[Stored dataset items]
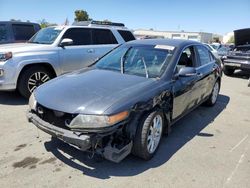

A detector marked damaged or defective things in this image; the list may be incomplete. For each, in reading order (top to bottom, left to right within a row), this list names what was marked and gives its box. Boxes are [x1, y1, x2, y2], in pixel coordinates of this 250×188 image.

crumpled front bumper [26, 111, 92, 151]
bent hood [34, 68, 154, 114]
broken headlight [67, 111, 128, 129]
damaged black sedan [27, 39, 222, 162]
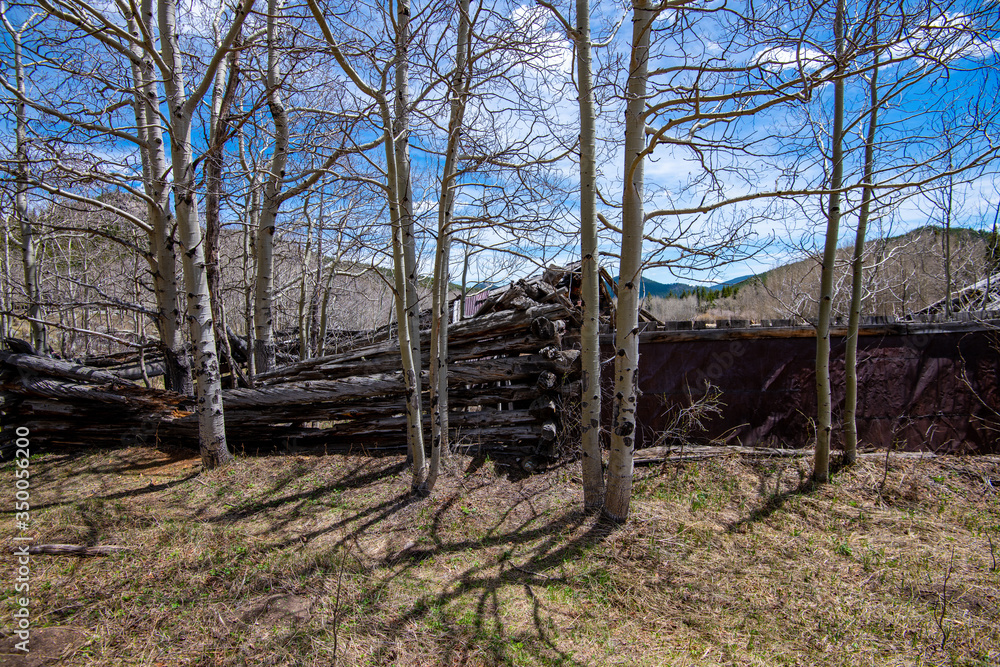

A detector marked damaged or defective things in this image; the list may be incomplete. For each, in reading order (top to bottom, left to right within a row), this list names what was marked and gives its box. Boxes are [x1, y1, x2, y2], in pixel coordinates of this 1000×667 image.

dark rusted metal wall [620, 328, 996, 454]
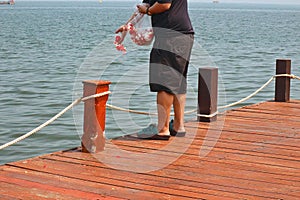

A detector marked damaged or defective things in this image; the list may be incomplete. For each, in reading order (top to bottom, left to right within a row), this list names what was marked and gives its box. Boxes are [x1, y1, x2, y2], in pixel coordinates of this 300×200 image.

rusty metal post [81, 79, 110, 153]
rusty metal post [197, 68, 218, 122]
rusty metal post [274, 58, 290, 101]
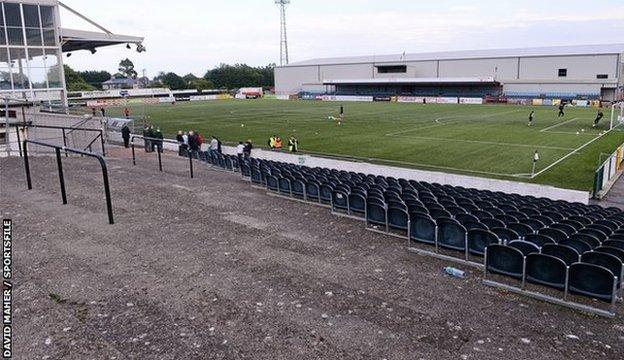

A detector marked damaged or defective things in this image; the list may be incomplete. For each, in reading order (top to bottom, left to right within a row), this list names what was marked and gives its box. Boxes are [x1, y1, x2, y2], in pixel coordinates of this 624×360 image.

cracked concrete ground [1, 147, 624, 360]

### REQUIRED WORK
Write out again only the lines from the one with "this 624×360 image." through the last line of the records above. Keep every word as it stands.

### WRITTEN RESPONSE
A detector marked damaged or defective things in this image; the list may be incomplete. For each, in reading order (top to bottom, left to right within a row), this list names what was marked and gives its box. Boxes are [x1, y1, x2, y2], in pixel coordinates of this 624×360 image.

cracked concrete ground [1, 147, 624, 360]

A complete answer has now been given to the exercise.